:: Dataset section ::
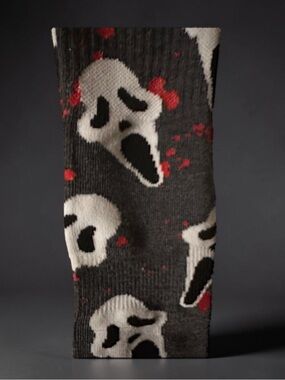 Ghost Face screaming all over socks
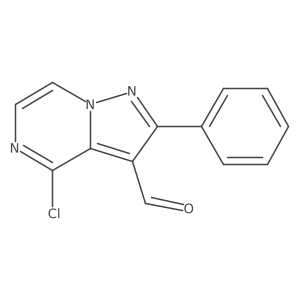 4-Chloro-2-phenylpyrazolo[1,5-a]pyrazine-3-carbaldehyde结构式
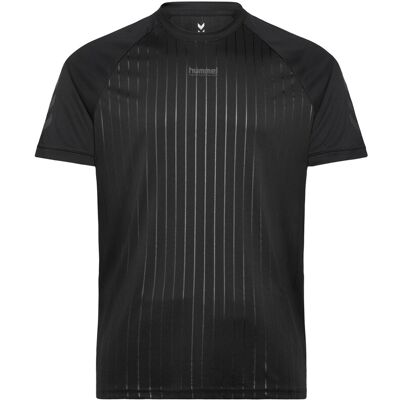Hummel Hmlpulse Stripe T-Shirt S/S XXL BLACK XXL Hummel Hmlpulse Stripe T-Shirt S/S XXL BLACK XXL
:::
Exercise prompt
Take the line that contains "4-Chloro-2-phe" and all lines after it to the end of the material above, and copy them verbatim without any images.

Your solution
 4-Chloro-2-phenylpyrazolo[1,5-a]pyrazine-3-carbaldehyde结构式
Hummel Hmlpulse Stripe T-Shirt S/S XXL BLACK XXL Hummel Hmlpulse Stripe T-Shirt S/S XXL BLACK XXL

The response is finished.